In a chapter on regression to the mean (Thinking Fast and Slow) Daniel Kahneman resorts to "luck" as an explanation for why one professional golfer shoots a lower score in a round than his/her rivals given that the talent pool is reasonably even. While a "lucky" (or unlucky) bounce can impact one's score, I find luck as a concept a poor explanation for performance. What is the philosophical status of luck, and are there different flavors of luck depending upon the philosophy? Is luck to chance as evidence is to data?
Accepted:
December 19, 2013

Comments

Allen Stairs
December 26, 2013 (changed December 26, 2013) Permalink

Games typically involve a blend of things that a player can control and things s/he can't. A golfer can work on her backswing; she can't do anything about the moment-by-moment shifts in the wind and the fine-grained condition of the greens. Things like the winds and the lay of the greens or the outcome of a dice-roll are what we might call externalities. It's not that they have no explanations and it's certainly not that they have no bearing on who wins and who loses. But the players don't deserve any blame or credit for how they turned out. In that sense, they're matters of luck. Depending on the game, skilled players may have ways of compensating for them to some extent, but they can produce advantages and disadvantages that are outside the players' control.

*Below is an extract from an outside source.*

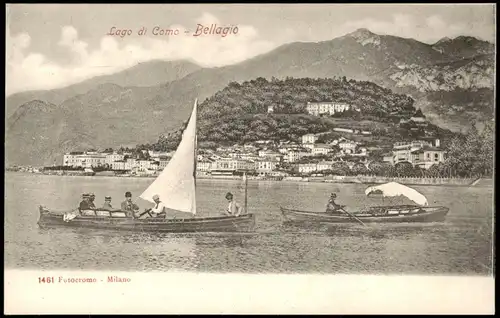 Bellagio Lago di Como Panorama-Ansicht See mit privatem Ruderboot Segelboot 1900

With that in mind, I don't take Kahneman's appeal to "luck" to be an explanation. An explanation would call for specifics about conditions and causes, and the mere appeal to luck doesn't provide any of those. I take the appeal to luck to be a way of saying that any detailed explanation will not be primarily in terms of well-chosen actions and displays of skill.

So yes: "luck" as such isn't an explanation. It's a way of alluding to a lack of an explanation. But note: it's not a way of saying that there's no explanation. It's plausible that if we had a sufficiently detailed account of exactly what happened in the golf game, we'd see exactly why Jones ended up with the lowest score. It's a way of saying that there's no explanation of a certain sort—in this case, in terms of things that fall under the control of the players.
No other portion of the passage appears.